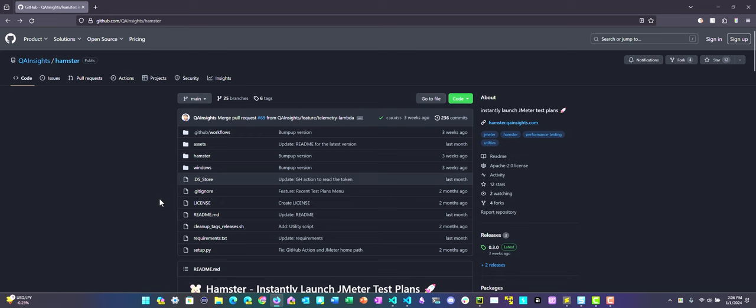If you like my dad's videos, please subscribe to QA Insights channel. In this video, we are going to see how you can leverage Hamster in Windows.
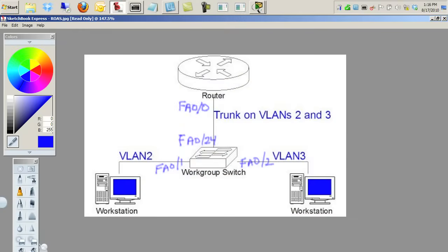Hey everybody, it's Keith. I wanted to take a few moments and walk you through specifically what's involved in setting up a router on a stick.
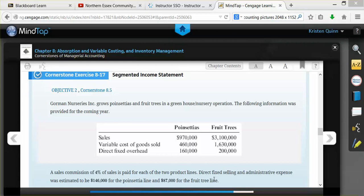The problem also tells us that the company has a sales commission of 4% for each of their two product lines. The company also has direct fixed selling and administrative expenses.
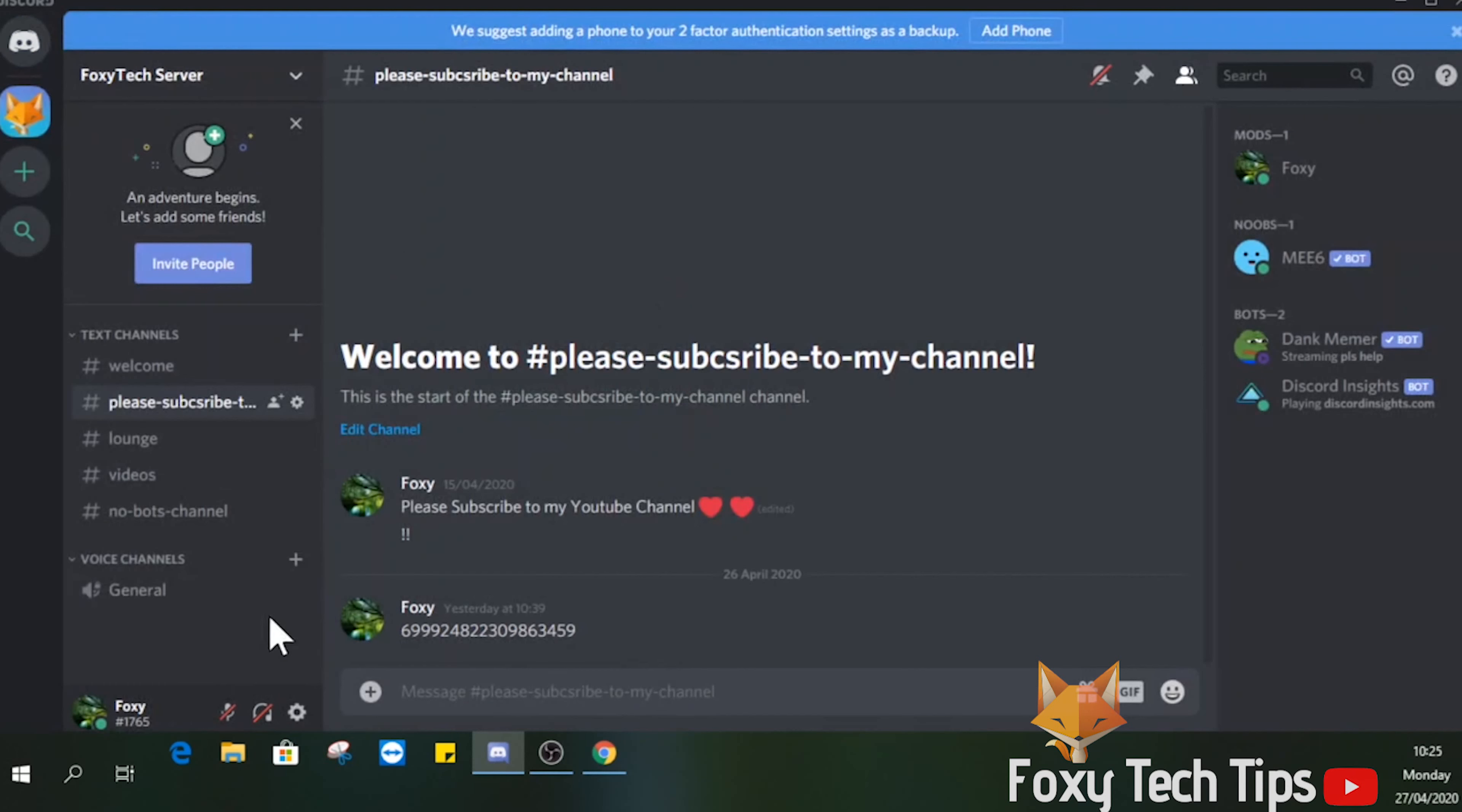Two-factor authentication is now set up on my Discord account. And that draws an end to this tutorial. Please like the video if you found it helpful, and subscribe to Foxy Tech Tips for more Discord tips and tricks!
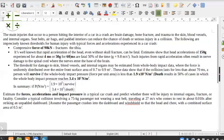The last point is talking about pressure. Given the surface area and the force acting on it, the data shows that if the collision lasts for less than about 70 milliseconds, a person will survive if the whole body impact pressure is less than 1.9×10⁵ Newton per meters squared. So we're going to compare the force acting on the person's body, given the area of contact, to this value. If the pressure is less than this, we expect the person to survive; if greater, we expect the person not to survive.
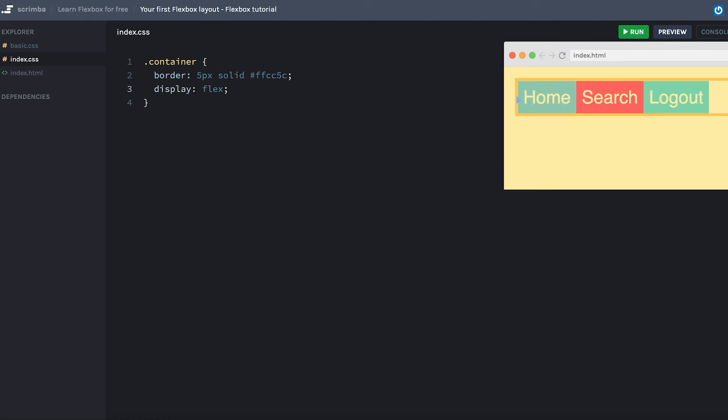As you can see, it automatically lines up the elements horizontally, as opposed to vertically as it was before. By default, Flexbox will distribute the items going from left to right. And as you also can see, the Flexbox container is by default a block element, as it takes up all available space in the width, except for the little margin I've added to the left and right hand side.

****************

Everything above should be given again exactly, apart from the pictures.

If you like my dad's videos, please subscribe to QA Insights channel. In this video, we are going to see how you can leverage Hamster in Windows.
Hey everybody, it's Keith. I wanted to take a few moments and walk you through specifically what's involved in setting up a router on a stick.
The problem also tells us that the company has a sales commission of 4% for each of their two product lines. The company also has direct fixed selling and administrative expenses.
Two-factor authentication is now set up on my Discord account. And that draws an end to this tutorial. Please like the video if you found it helpful, and subscribe to Foxy Tech Tips for more Discord tips and tricks!
The last point is talking about pressure. Given the surface area and the force acting on it, the data shows that if the collision lasts for less than about 70 milliseconds, a person will survive if the whole body impact pressure is less than 1.9×10⁵ Newton per meters squared. So we're going to compare the force acting on the person's body, given the area of contact, to this value. If the pressure is less than this, we expect the person to survive; if greater, we expect the person not to survive.
As you can see, it automatically lines up the elements horizontally, as opposed to vertically as it was before. By default, Flexbox will distribute the items going from left to right. And as you also can see, the Flexbox container is by default a block element, as it takes up all available space in the width, except for the little margin I've added to the left and right hand side.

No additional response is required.